Bitcoin ownership is consolidating. At the same time, deploying BTC onchain still forces trade-offs institutions are unwilling to accept: pooled custody, opaque risk, or reliance on trusted intermediaries. Alea Research’s Threshold 2025 Benchmark Report cuts through that noise with a data-driven view of how tBTC is actually performing across supply growth, DeFi utilization, liquidity depth, and fee generation.
This benchmark helps builders, Liquidity Providers, lenders, token holders, and ecosystem partners identify where adoption is compounding, where real revenue is emerging, and which metrics will define the next phase of Bitcoin’s on-chain expansion.

Q4 presents a more nuanced, but ultimately constructive, picture.
Supply cooled after its Q3 peak, declining 7% quarter over quarter. Still, it remains structurally higher, up 27% year over year to ~5.9k tBTC. More importantly, utilization is moving in the right direction. DeFi TVL rose to 4.9k BTC, up 27% QoQ and 65% YoY, signaling that a larger share of tBTC is being actively deployed rather than sitting idle.

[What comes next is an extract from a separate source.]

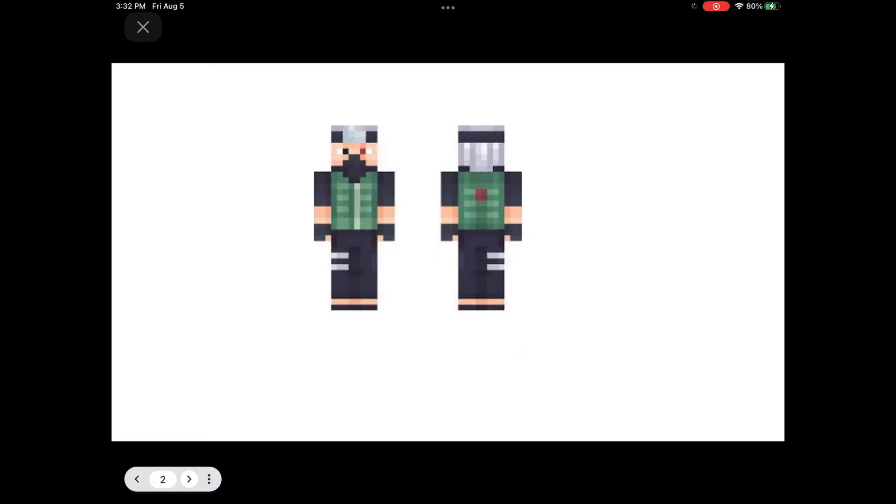Alright, what about this one? Underwater swimmer diver. Under, under, why? That's not, that's weird.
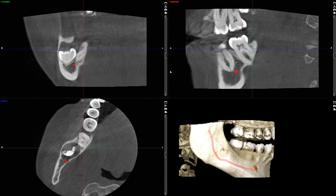Hey guys, how are you? Welcome to my third video of the day. Today was just a really interesting day — a lot of good cases came to my desk and I'm happy to share this case with you.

Liquidity across venues continues to hold firm. Around $427M of tBTC was deployed across DeFi protocols at quarter end, roughly flat QoQ, but up 55% YoY. At the same time, annualized fees and protocol revenue reached a $1.4M run rate, growing 30% QoQ.
It’s important to understand what’s driving that revenue. Today, fees are primarily generated through the 0.2% redemption fee, meaning revenue reflects flow and redemption activity, not just headline supply growth. That distinction matters when assessing long-term sustainability.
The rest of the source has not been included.